There are signs that the UK's Prime Minister, David Cameron, is becoming increasingly isolated in Europe because of his calls for the European Union to limit the freedom of movement of labour throughout the Union.

Mr Cameron told a leaders' summit in Brussels in December 2013 that the EU must 'slow down access to each other's labour markets'.

Speaking to journalists outside the summit, Mr Cameron said 'We need to return the principle of free movement to a more sensible basis and make it clear that it cannot be a completely unqualified right. We must return it to what the EU first envisaged: the free movement of workers ready to work hard and get on in life, not the free movement of those after the best benefit deal.'

UK may block new EU admissions

He said that, unless a deal could be done to limit movement from poorer countries in the east to western countries such as the UK, then the UK would be likely to block the membership of new states such as Serbia, Turkey, Albania, Macedonia and Bosnia.

He told the press that Holland, Germany and Austria had similar concerns and agreed with the UK position.

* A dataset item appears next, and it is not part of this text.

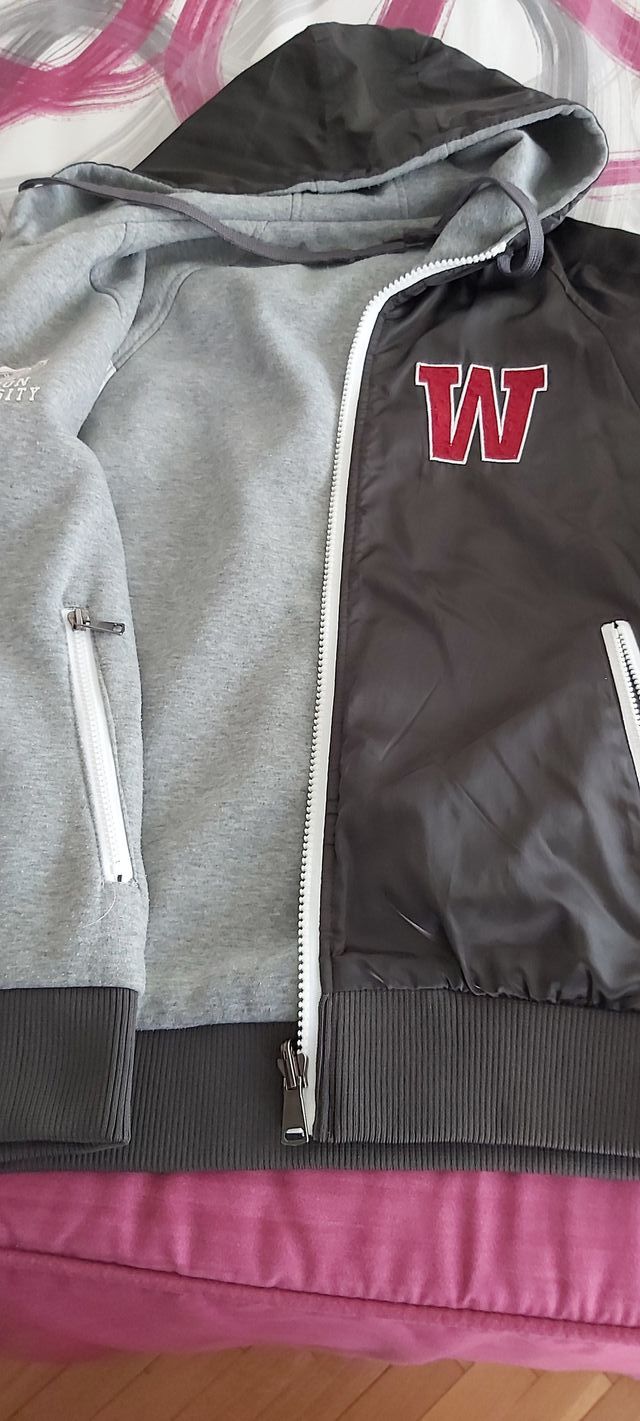 cazadoras  10 euros cada una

In recent weeks, ministers in the UK's Coalition government have announced measures which will make it harder for EU citizens to come to the UK and claim benefits. The UK has already announced that no EU national will be able to claim unemployment benefit until they have been in the UK for three months.

EU citizens to lose right to UK housing benefit

In a newspaper article on Sunday 19th January 2014, Mr Duncan Smith said that, from April 2014, EU nationals will not be able to claim housing benefit at all. In interviews, he has claimed that Germany and the Netherlands are in agreement with the UK that benefits should be limited.

But it appears that Mr Duncan Smith may have overestimated the level of support the UK has for its policies in other EU states.

It must have been a blow for Mr Cameron and the Conservatives when the German foreign minister Frank-Walter Steinmeier spoke out against the UK position. Mr Steinmeier was unequivocal in his opposition when speaking to journalists on Tuesday 21st January.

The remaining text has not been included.